N1GY- The simple Approach to Ham Radio

and My Model Railroad Hobby



An Edited Version of an article by Dick Knadle, KR2RIW

Editing by Geoff Haines, N1GY


            A couple of years ago,  I received the latest edition of a Contester E-Newsletter from the ARRL. Now I do not contest, but every once in a while, there is a gem of info in the newsletter. This was the case then, when the editor pointed us to the web site of The Savvy Microwave Group. In there was a piece by Dick Knadle, K2RIW about, among other things, the undeserved poor reputation of UHF or PL-259 Connectors. I have edited and paraphrased Dick's remarks for this page
             There are many misinformed engineers and amateurs who have been led to believe that a UHF connector is the worst thing ever invented in the RF world due to it's lower internal impedance. These people believe that each UHF connector causes a 1/2 dB insertion loss and a whole lot of VSWR at 440 MHz. I have heard several amateurs claim that their 440 MHz Brick amplifier will now have 1dB greater gain since they just replaced the two SO-239s with Type N connectors. This "Old Wives Tale" has been propagated for years and years. Everyone believes it. No one challenges it. Few people have ever taken the time to actually measure it.
            Here is Dick's observation. He took a 432 MHz Stripline Parallel Kilowatt Amplifier and applied 700 watts through a UHF female and a UHF Male connector, and then into his antenna feedline. After 10 minutes of 700 watts throughput power the UHF connectors were barely warm. He estimated, based on the temperature increase that 3 watts were dissipated as heat. That is an insertion loss of 0.019 dB for the pair of connectors. You say " how can this be, the internal impedance of the PL-259 is 35 ohms, it's got to cause a 1.43:1 VSWR? Well, it doesn't.
            The mated UHF connector has an internal connector length of less than 0.9 inches. A free space wavelength at 432 MHz is 27.3 inches. That makes the phase length of the connector 11.9 degrees. If you plot this on a Smith chart or the mathematical equivalent, you will find that a 50 ohm antenna with an 11.9 degree long section of 35 ohm line causes an input impedance of (47.9-j7) ohms. That is an input VSWR of 1.16:1, which gives a worst case reflected power caused loss of 0.024 dB. That is totally insignificant. Now at 10 GHz where the wavelength is 1.1 inches, that 0.9 inch connector length would be much harder to take.
            A type N connector can tolerate low-duty pulses of 20 Kilowatts without a voltage breakdown. However, a steady state power of more than 1 KW could cause the N-connector to fail from RF overheating of the center pin. The UHF connector has a larger center pin that can better withstand high steady state RF currents. Also an internal impedance of 30 ohms maximizes the power handling capability of a connector and the PL-259 comes in at 35 ohms.
            There are probably twice as many hams out there who can properly install a PL-259 connector as those who can do an acceptable job on an N-connector. The proper installation of an N-type connector is almost an art form. The two major faults of the UHF connector are it's lack of waterproofing and the lack of a sliding finger connection for the outer conductor or shield. A proper tape and "coax-seal" job will generally take care of the moisture and checking to make sure your UHF connectors are properly seated and tightened will go a long way to take care of the second.
            So, maybe it is time we stop saying such bad things about the poor old PL-259. It doesn't deserve all that flack. Properly used it gives a lot of bang for the buck. It has been around for over 60 years, and that's no coincidence.

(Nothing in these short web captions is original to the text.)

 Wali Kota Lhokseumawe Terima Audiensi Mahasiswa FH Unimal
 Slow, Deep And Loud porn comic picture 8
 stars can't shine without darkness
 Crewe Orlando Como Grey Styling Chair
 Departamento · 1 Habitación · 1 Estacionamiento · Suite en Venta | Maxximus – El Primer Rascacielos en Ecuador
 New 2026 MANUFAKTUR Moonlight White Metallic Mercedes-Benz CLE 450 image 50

            Well, I'll get off my soapbox now. Maybe you will look at the venerable old PL-259 (or UHF connector as it is sometimes referred to) a little differently now.

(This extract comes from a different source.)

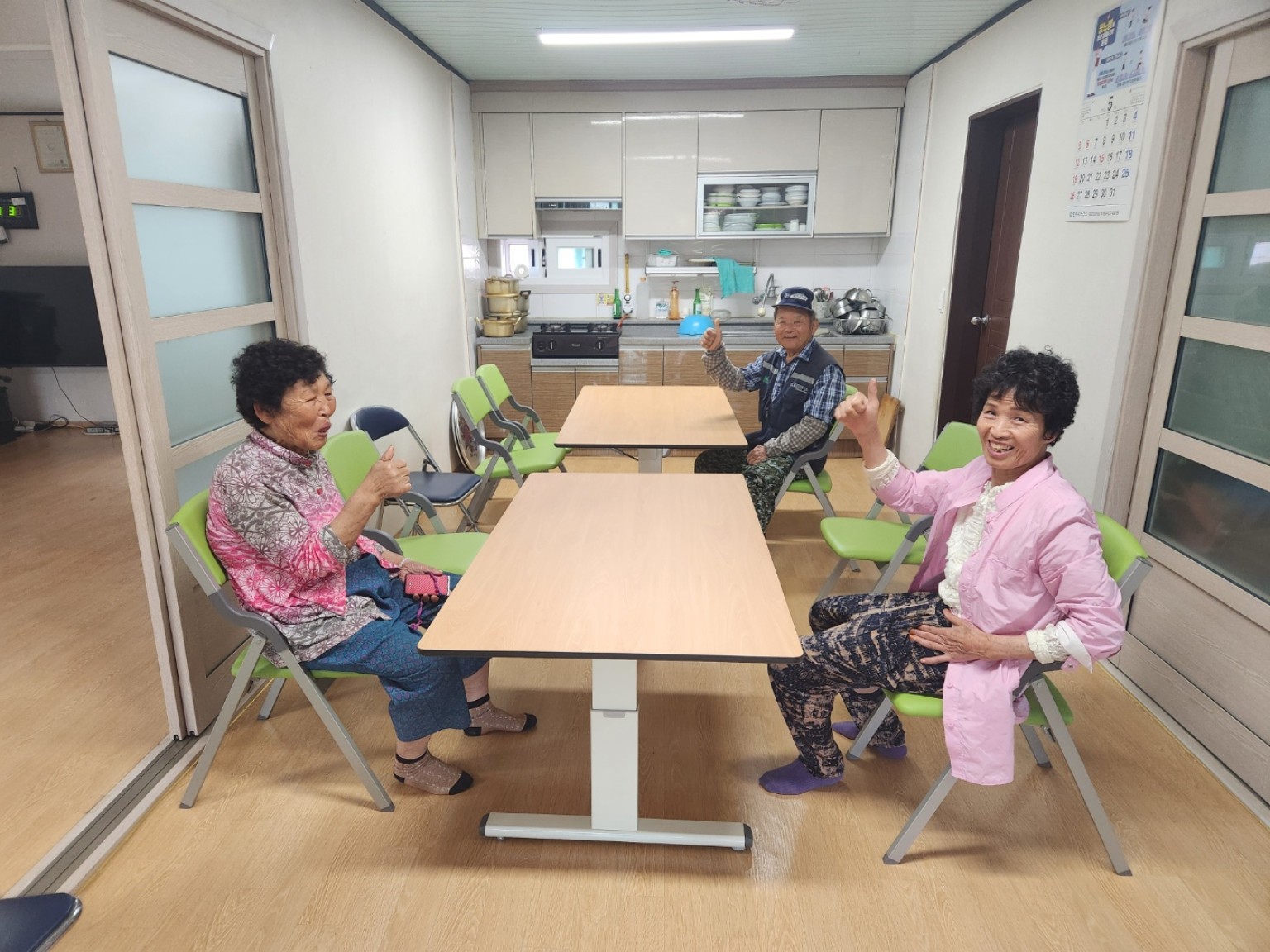 대전 중구 유천1동 설치 후 사용 모습
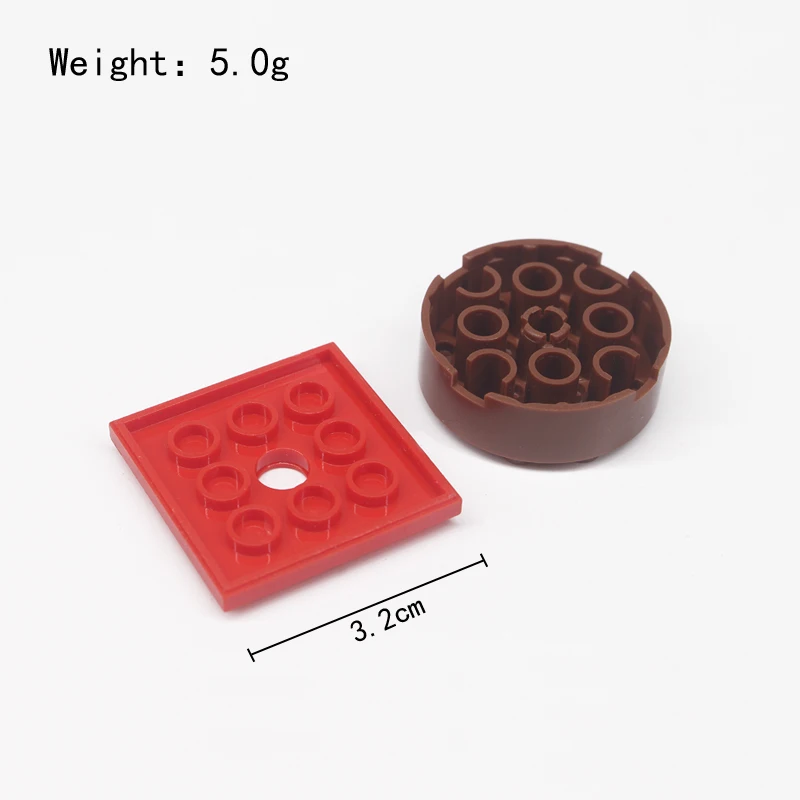 Поворотный стол 4x4 квадратное основание фиксирующая пластина Круглый с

Addendum: I have since had a very nice email contact with Dick Knadle, K2RIW about this very subject and he has sent me copies of several articles on this and related subjects. I will be using these in upcoming issues of the "WCF Experimenter" over the coming year as they are very interesting and may help some of us abandon the "old wives tales" about coax and connectors that  we have been taught incorrectly for years.